Easier said than done
The organizer, to attract public interest, posted pageant advertisements in many universities and sometimes even directly approached girls who were accompanied by their parents to introduce the new competition.
The first day saw only 50 applicants, but by the final day over 842 girls were registered. The selection criteria focused on a girl's appearance, with measurements of the chest, waist, hips, leg and neck length factored into the evaluation scheme.
Besides the physical elements, contestants were also required to give a performance for the judges and elaborate on their own ideas of what constitutes beauty. By early May, 300 young women had made the cut and were set to parade into the quarter-final of the contest.
The next round of competition required the contestants to wear bikinis. Each hopeful was required to walk toward the panel of judges and then return backstage.

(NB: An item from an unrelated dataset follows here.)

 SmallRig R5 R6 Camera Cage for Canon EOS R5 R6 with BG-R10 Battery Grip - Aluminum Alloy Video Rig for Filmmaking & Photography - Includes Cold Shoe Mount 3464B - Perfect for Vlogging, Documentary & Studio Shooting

Though it may seem tame now, this round was later described by Time Magazine as a "great challenge to the traditional concepts and remnants of feudal ideology." Zhao confessed, "The requirement was too bold I know, but at the same time, people witnessed a change in Beijing." After this round, 50 of the young women stood out from the crowd.
At the beginning of the contest only a few media outfits, including the sponsoring magazine Contemporary Television, reported on the competition, but later, as word spread, more media from home and abroad came to cover the story.

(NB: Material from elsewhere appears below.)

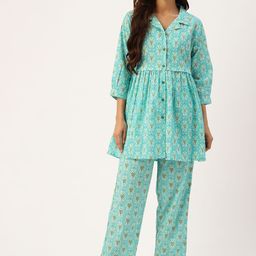 ETC Printed Pure Cotton Night Suit-image-75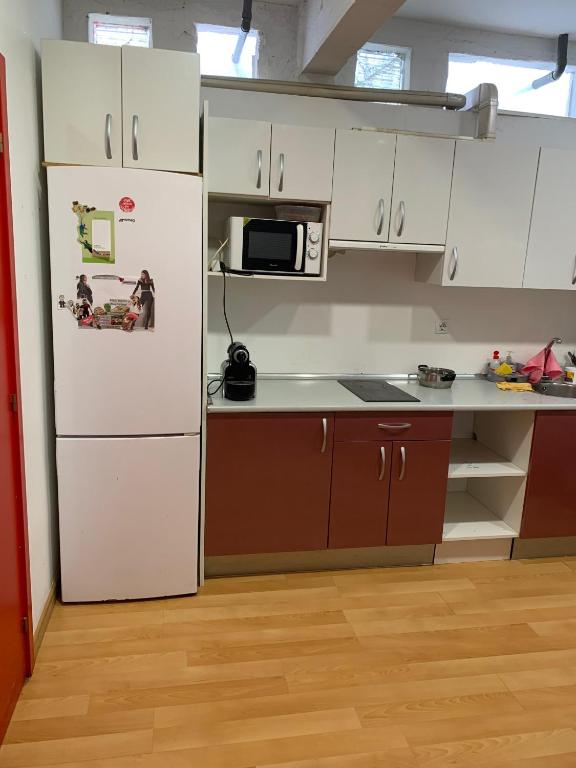 Kuchyň nebo kuchyňský kout v ubytování Bilbao Central Rooms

Imitation is the greatest form flattery they say, and the brain child of the three friends soon provoked a wave of even more flashy beauty contests across the country.
Exposure to a wider range of people was good news for organizers, but at the same time governmental bodies also began to take the phenomenon seriously. A similar event planned for Shanghai was announced, then canceled, by the Shanghai authority, and governmental financial pressures were the twin swords that forced the Beijing contest to end prematurely as well.
At a low-key closing "tea party", the judges selected 13 of the 50 young women to be honored as "impressive competitors" "The tea party was not broadcast by any media and the result of the contest and the names of all the 13 outstanding young women went unpublished," recalled Jiang.
Failure as part of success
As it turned out, the aborted competition got people here to re-consider the beauty pageant concept. "A beauty contest is not only about outer beauty, it is also about inner beauty," asserts Zhao. Though the competition named no "Flower of Beijing", Zhao recalls competitors at the "tea party" were bonded by the experience and "many of the girls cried and hugged each other afterwards." He believes most of them formed friendships destined to last a lifetime.
The competition ignited in the young contestants a great enthusiasm for "allowing girls to be girls," concluded one participant. Although the contest could be described as a failure in the end, it is still remembered as a social milestone - the nation's first beauty pageant in the 39 years since the founding of new China in 1949.